I've started this rambling post four or five times. Deleted it every time. So I've decided to take a different tact. Rather than writing a long post that says everything, I'm going to write pieces of it. This way I'll actually get something written. As the Japanese proverb goes "Vision without action is a daydream. Action without vision is a nightmare.” All too often I've run into folks who are long on vision but short on action. A few times I've been in organizations that are restructuring to better cope with the current environment. The ever present 're-org'. One of those was the transformation into a service delivery organization. Which was a good idea and there was good vision behind it. The action is where the idea died and cost people their jobs.
I've had this picture hanging around for a few years. I stole it from an issue of eWeek. It was from one of those articles that is really nothing more than a advertisement in essay form.
This picture does a pretty good job at explaining what I mean. Although it's not the 'buzz word' it used to be, being a 'service based organization' was the goal of a lot of IT organizations. On paper it looks great. It can be an effective way to run an organization. Unfortunately the trick is getting from where you are to where you want to be. It's been all to common for organizations to 'green field' the new way of doing things and make a sweeping change to transform into the desired structure in the shortest possible time frame. And it's usually a disaster for the first two quarters. There's a lot of uncertainty on how things get done or who does them. Process bottlenecks creep up everywhere. There's inconsistency in implementation between teams. And while all of this is going on, real work needs to get done to keep the business going. After a while people start to revert to the old way of doing things or a hodge-podge in between the old and new.
The step that gets missed is the transition and how much transition can be achieved in one fell swoop. If you're currently a 'turmoil' or 'reactive' organization and you want to be a service-based organization, it's unrealistic to jump right to the end state. With out learning the lessons that come with being reactive, it's difficult to be proactive. If an organization doesn't have a solid proactive foundation, it can never be service based. Worse yet, there are budgetary considerations that go along with crossing over from one level to another. Software and hardware tools are often needed to achieve the desired state. Although often over looked in the planning stages, it's possible to make up that budgetary gap. Another gap that's overlooked is the people side of things. I have never seen an organization budget staff time and overhead to these types of changes. It's always expected to be done in the margins after a one or two hour 'training course' that typically just reads the new process aloud to everyone in attendance. No attention is paid to how to get the staff to the end goal. No real-world examples provided for how things should work. No governing authority to turn to for guidance. No one to find parts of the organization that our floundering in the new process/structure and pitch in and help them through it. Proud in their new organizational structure and plan, leadership pass it down the chain, with implementation left as an exercise to the reader.
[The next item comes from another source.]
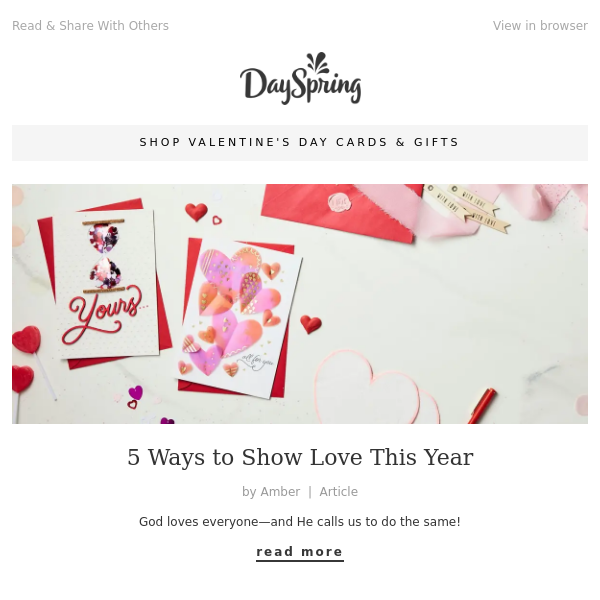 5 Ways to Show Love This Year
So as I try to manage my team, I've tried to utilize some of the failure lessons I've learned. I don't make broad sweeping changes if avoidable. There always needs to be a balance of course, you don't want to make hundreds of small course corrections when a few larger ones will be as effective, but I lean towards the smaller changes. I plan in the overhead. If I'm going to add new processes or procedures to my staff's duties, I adjust time expectations accordingly. An example would be our post-mortems on outages. I wanted to change how that was done. It should be a 30 minute meeting, but because people were new to it, the first few where schedule for 60 to 90 minutes and we brought in lunch. Walk everyone through the new process a few times. Going back to the post-mortem example, we talked openly about the process and the actual problem in the same context. Giving people a new process with out a concrete example to work with leaves things to interpretation, and you'll get as many interpretations as you have staff members. By walking through it a few times with everyone they all here the same questions and my answers to those questions. It's not perfect or without flaws, but it seems to be working.